The Quiet Caravans - a Faction for Volmusia



Population: 850, split between 9 communities
Major Industries: Hide, Meat, Scrolls, Tallow
Safe, Mobile, Enchanted (Obfuscatory Illusions), Possession (Various tribes), Monsters (Dire Moles, Svirfneblin)

          Referring to a cluster of nine different tribes, allied through bonds of blood and oaths of obligation, the Quiet Caravans are essential to the movement of goods through the Mushroom Forest and the Underridge beyond. Naturally inclined towards wanderlust and trade, the deep gnomes are on at least neutral terms with every major polity of the region, with the only exception being the Cranium Rats of The Choruses' Redoubt with the more friendly Troupe settlement of Stone Teeth Town being too new for them to have even heard of. The regions prime source of candles, fresh meat and hides, their dire mole-pulled sleds are both a welcome sight for friendly communities and a tempting target for those foolish or mighty enough to rob them. As a result of their status as potential prey, as well as the relative paucity of easily obtainable food in the Mushroom Forest, the various caravans are constantly on the move and they deal only with trusted individuals for trade. It's not uncommon for only certain families with a tradition of dealing with the Svirfneblin stretching back years or decades to be allowed to approach their hidden camps without being ambushed, killed and then eaten. This wariness frustrates those who wish to engage them for the first time, but their paranoia has served them well, raids are infrequent and generally foiled before the main camp is discovered. Even when the raids are successful, the savage reprisals demanded by the murder of their fellows by the deep gnome's rigid codes of honor give their would-be victimizers pause. 
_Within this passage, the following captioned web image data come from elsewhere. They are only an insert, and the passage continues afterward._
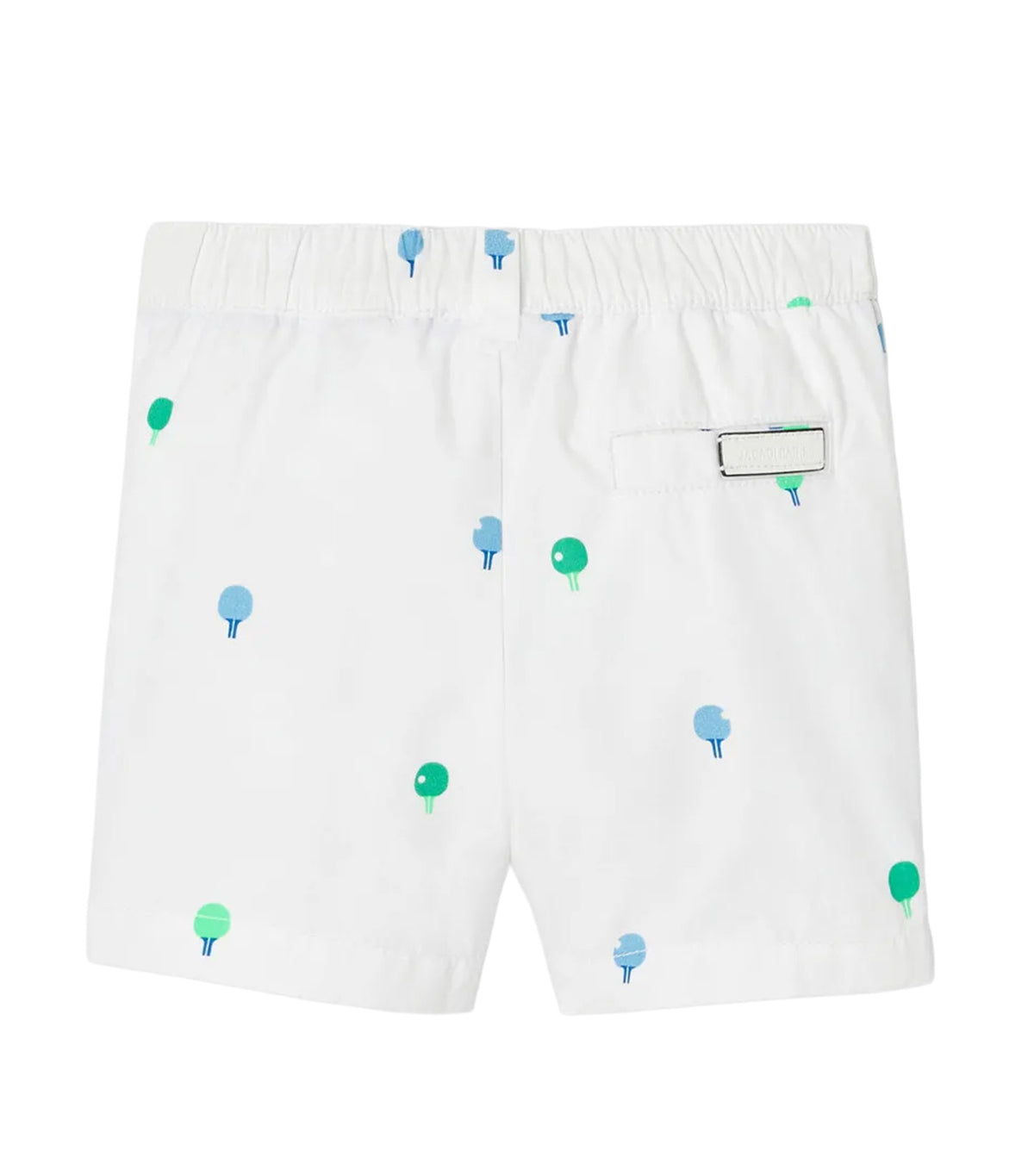 Nepine Shorts White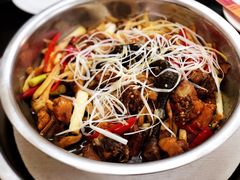 -弓虽昌焖烧鸡(大竹林店)
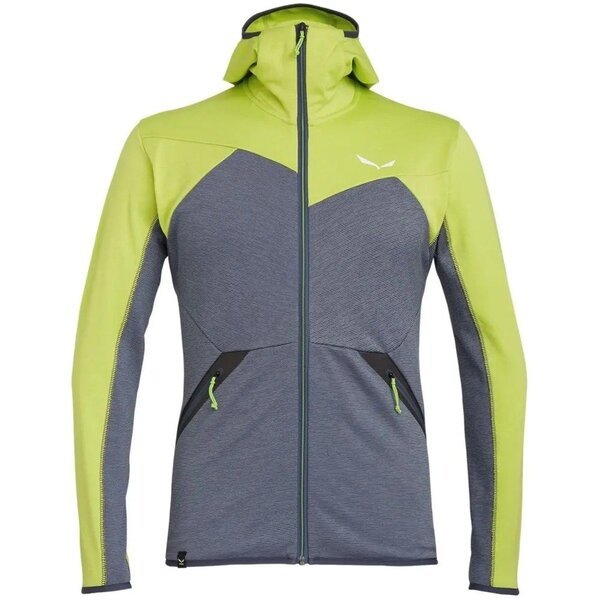 

Флис мужской Salewa Puez PL M FZ HDY 27386 3861 46/S
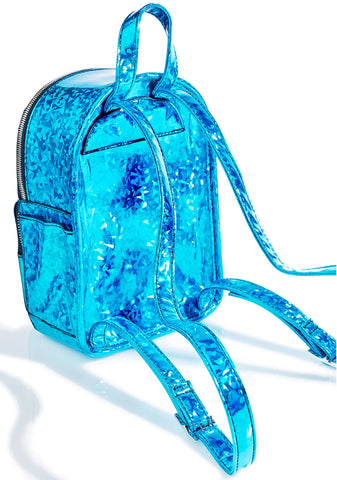 Mermaid Party Mini Backpack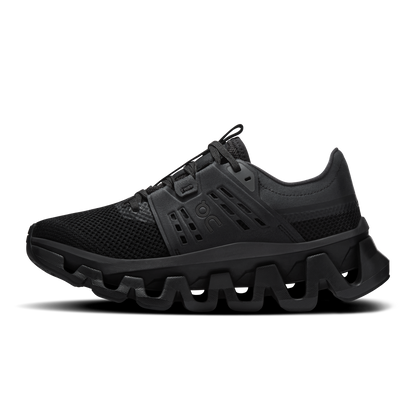 On Cloudswift Amp Black Black (Women'S)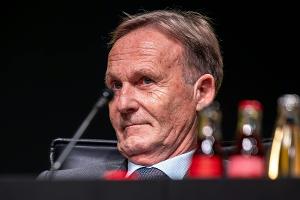 Watzke kritisiert VAR: "Müssen das in den Griff bekommen"
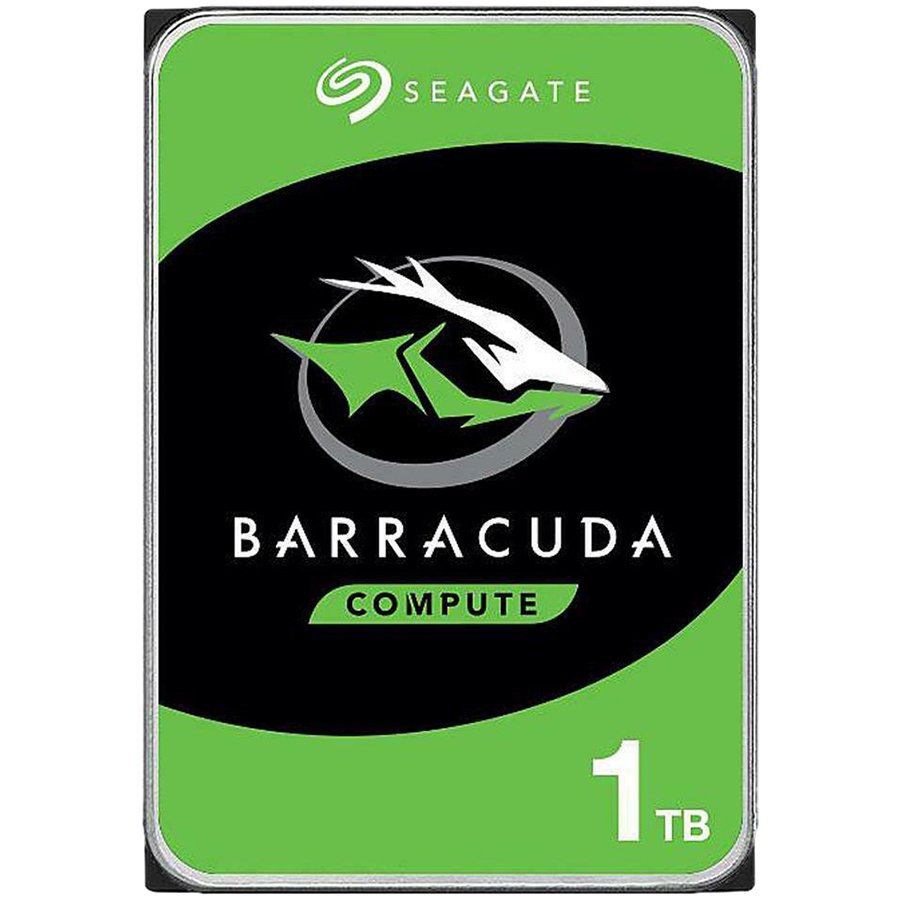 SEAGATE HDD Desktop Barracuda Guardian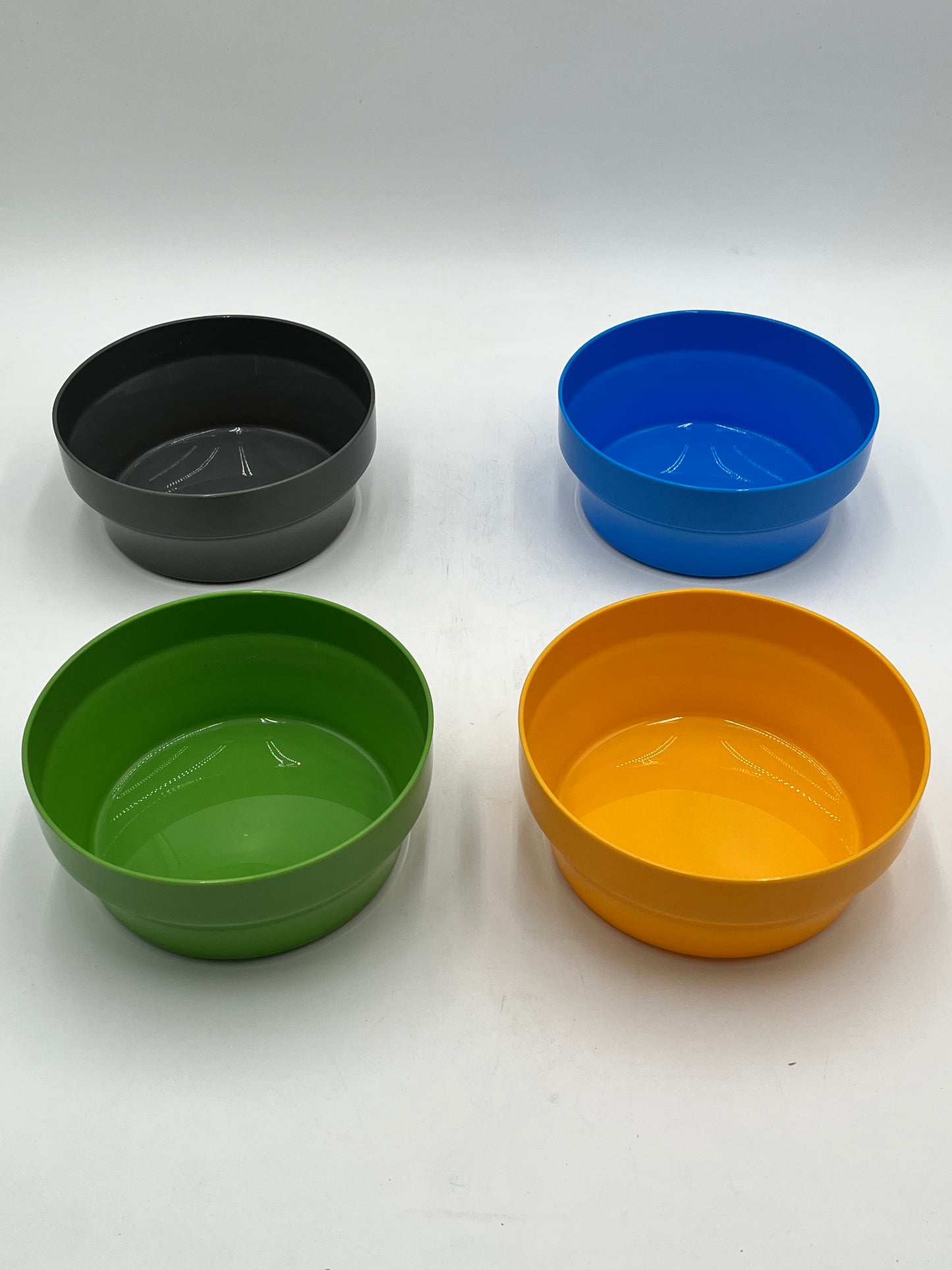 ColorBloom Bases 3x7 in green, yellow, blue and gray. Perfect for floral designs, weddings, events or décor. $5.99 each sold by floralsuppliespoint1.com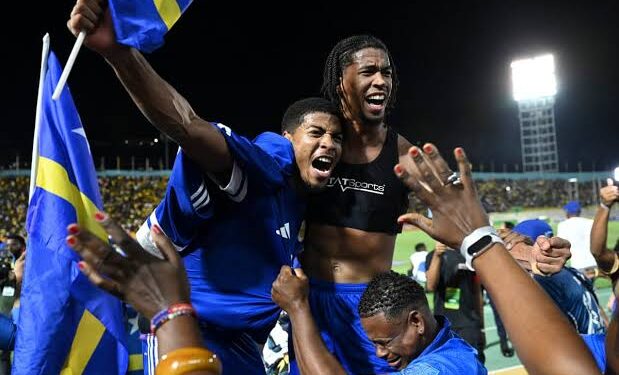 Curacao, Country of 150,000 people, qualify for 2026 World Cup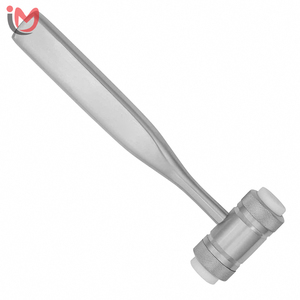 Martillo de Acero Inoxidable de 180 g y 230 g, 25 cm, Juego de Instrumentos Manuales para Diagnóstico ORL - Servicios OEM de Alta Calidad - Product Image 5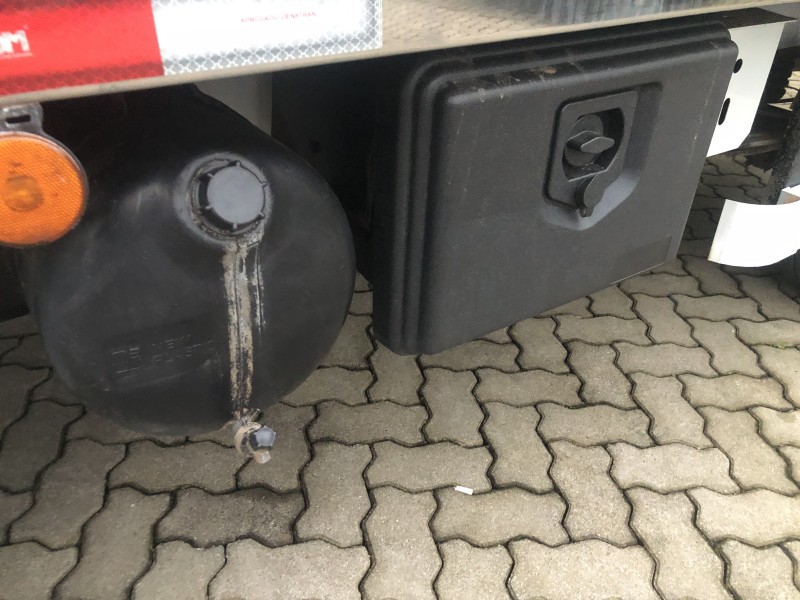 MASTER 2.3 DCI CHASSI CABINE L2H1 16V DIESEL 2P MANUAL - 2022 - VALE REAL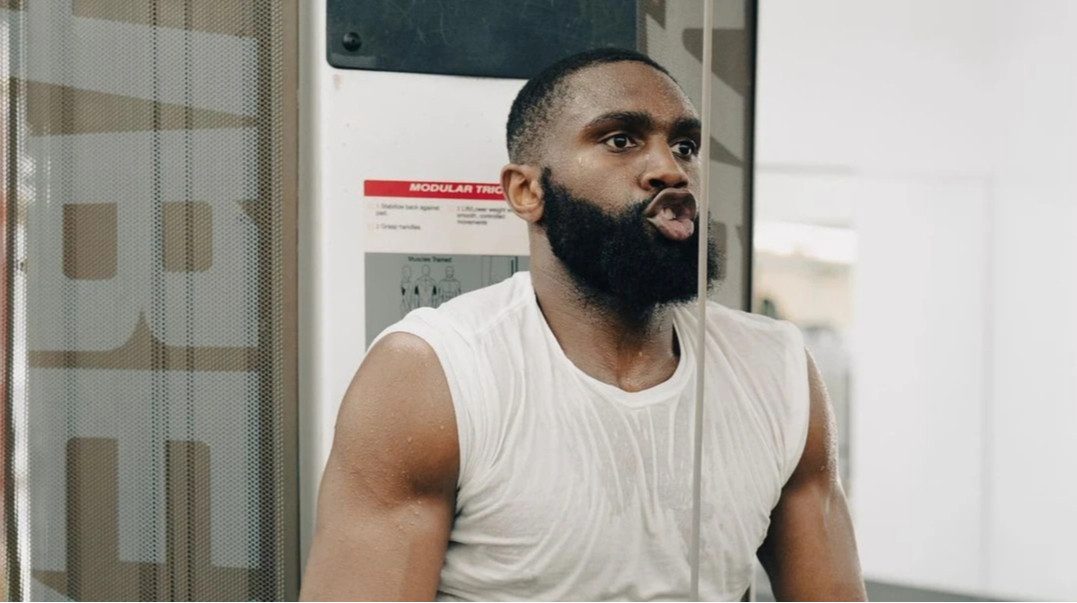 Хотел Богачука, – Эннис выразил свое разочарование соперником в новой весовой категории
          Beyond trading and raiding, tribes support themselves through hunting, opportunistic theft or scavenging, anything to get by. Already possessing formidable skills in stealth, their proficiency with illusory magic makes them terrifyingly effective guerrilla fighters when roused. An individual caravan generally is made up of four or five extended families, with perhaps double that number of sleds and dire moles. Rarely traveling as a unified whole, the tribe will spread out over miles of whatever haunt they've chosen for themselves to forage, bringing their spoils back to the central camp for distribution only after the area has been picked clean or become too dangerous. When encamped the deep gnomes live in cylindrical tents crafted from the rib-bones and hides of their beasts of burden with the sleds (themselves made of bone and hide) acting as the foundations. Tribe members dress in mole hides, occasionally augmented with spider silk or wool traded from the surface. Dyes or other forms of artificial coloration are rare, so browns and grey predominate and any dangling or metal objects are wrapped carefully against the body to muffle any noise or reflections. Tribes are generally led by a council with membership pulled from the component families household heads.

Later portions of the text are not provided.